= Tom Lubensky =

American physicist (born 1943)

Tom C. Lubensky (born Kansas City, Missouri 7 May 1943) is an American physicist. He is currently the Christopher H. Browne Distinguished Professor Emeritus at the University of Pennsylvania, where he was Mary Amanda Wood professor of physics (1998–2009) and chair of the Department of Physics and Astronomy.

==Biography==
Dr. Lubensky received his B.S. in physics from the California Institute of Technology in 1964 and both his M.A. (1965) and Ph.D. (1969) in physics from Harvard University.

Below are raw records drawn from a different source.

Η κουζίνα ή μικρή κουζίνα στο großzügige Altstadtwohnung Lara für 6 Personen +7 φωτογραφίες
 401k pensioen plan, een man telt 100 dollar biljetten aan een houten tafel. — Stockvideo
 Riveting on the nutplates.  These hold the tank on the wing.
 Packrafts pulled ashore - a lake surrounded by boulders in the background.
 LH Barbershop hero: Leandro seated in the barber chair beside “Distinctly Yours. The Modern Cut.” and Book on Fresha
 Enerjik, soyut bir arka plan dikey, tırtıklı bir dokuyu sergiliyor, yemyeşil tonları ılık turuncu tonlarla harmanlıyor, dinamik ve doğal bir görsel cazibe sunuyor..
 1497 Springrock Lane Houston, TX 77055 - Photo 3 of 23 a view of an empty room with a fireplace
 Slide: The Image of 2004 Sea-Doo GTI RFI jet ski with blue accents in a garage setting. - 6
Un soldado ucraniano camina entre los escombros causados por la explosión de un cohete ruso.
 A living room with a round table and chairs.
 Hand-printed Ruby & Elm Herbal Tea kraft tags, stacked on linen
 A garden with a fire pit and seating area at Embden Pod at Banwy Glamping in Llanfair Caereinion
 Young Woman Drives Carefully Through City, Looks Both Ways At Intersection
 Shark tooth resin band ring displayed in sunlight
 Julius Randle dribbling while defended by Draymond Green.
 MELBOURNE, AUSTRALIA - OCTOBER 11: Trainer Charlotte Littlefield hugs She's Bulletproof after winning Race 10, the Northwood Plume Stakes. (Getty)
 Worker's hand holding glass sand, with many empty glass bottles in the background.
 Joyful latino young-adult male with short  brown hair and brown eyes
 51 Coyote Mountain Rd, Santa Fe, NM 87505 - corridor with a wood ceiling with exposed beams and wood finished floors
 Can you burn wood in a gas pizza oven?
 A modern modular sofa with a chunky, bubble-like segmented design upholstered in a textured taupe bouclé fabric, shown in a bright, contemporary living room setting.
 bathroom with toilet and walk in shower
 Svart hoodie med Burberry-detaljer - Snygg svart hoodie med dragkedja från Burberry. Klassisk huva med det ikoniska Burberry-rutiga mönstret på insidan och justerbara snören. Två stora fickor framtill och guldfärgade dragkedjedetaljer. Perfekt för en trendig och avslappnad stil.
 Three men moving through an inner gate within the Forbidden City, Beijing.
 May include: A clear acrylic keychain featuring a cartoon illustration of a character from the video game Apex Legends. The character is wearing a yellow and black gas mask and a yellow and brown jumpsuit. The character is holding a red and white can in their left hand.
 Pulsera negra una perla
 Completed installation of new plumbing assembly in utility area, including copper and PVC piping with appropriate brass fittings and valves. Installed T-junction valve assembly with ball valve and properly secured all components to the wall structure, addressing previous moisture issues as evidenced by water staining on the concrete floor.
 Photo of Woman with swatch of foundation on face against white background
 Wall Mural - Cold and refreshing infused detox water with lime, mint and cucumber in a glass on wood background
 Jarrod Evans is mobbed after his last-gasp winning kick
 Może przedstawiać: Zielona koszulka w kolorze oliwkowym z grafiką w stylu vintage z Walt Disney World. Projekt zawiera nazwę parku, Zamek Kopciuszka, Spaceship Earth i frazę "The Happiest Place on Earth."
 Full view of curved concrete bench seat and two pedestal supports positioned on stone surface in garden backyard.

He was an NSF Postdoctoral Fellow at the University of Paris in Orsay (1969–70) and a postdoctoral research associate at Brown University (1970–71). He joined the University of Pennsylvania in 1971, promoted to associate professor in 1975 and to full professor in 1980.

==Memberships==
He is a fellow of the American Physical Society (1985), American Association for the Advancement of Science (2000), elected member of the National Academy of Sciences (2002) and the American Academy of Arts and Sciences (2007), Alfred P. Sloan Fellow (1975–77), Guggenheim Fellow (1981), and honored member of the International Liquid Crystal Society.

==Awards==
In 2004 Dr. Lubensky received Oliver E. Buckley Condensed Matter Prize for seminal contributions to the theory of condensed matter systems including the prediction and elucidation of the properties of new, partially ordered phases of complex materials. in 2024 he was awarded the de Gennes medal by the International Liquid Crystal Liquid Crystal Society for pioneering high-level scientific achievement in liquid crystals.

==Books==

Lubensky is the coauthor of the textbook Principles of Condensed Matter Physics (ISBN 0-521-43224-3) with Paul Chaikin.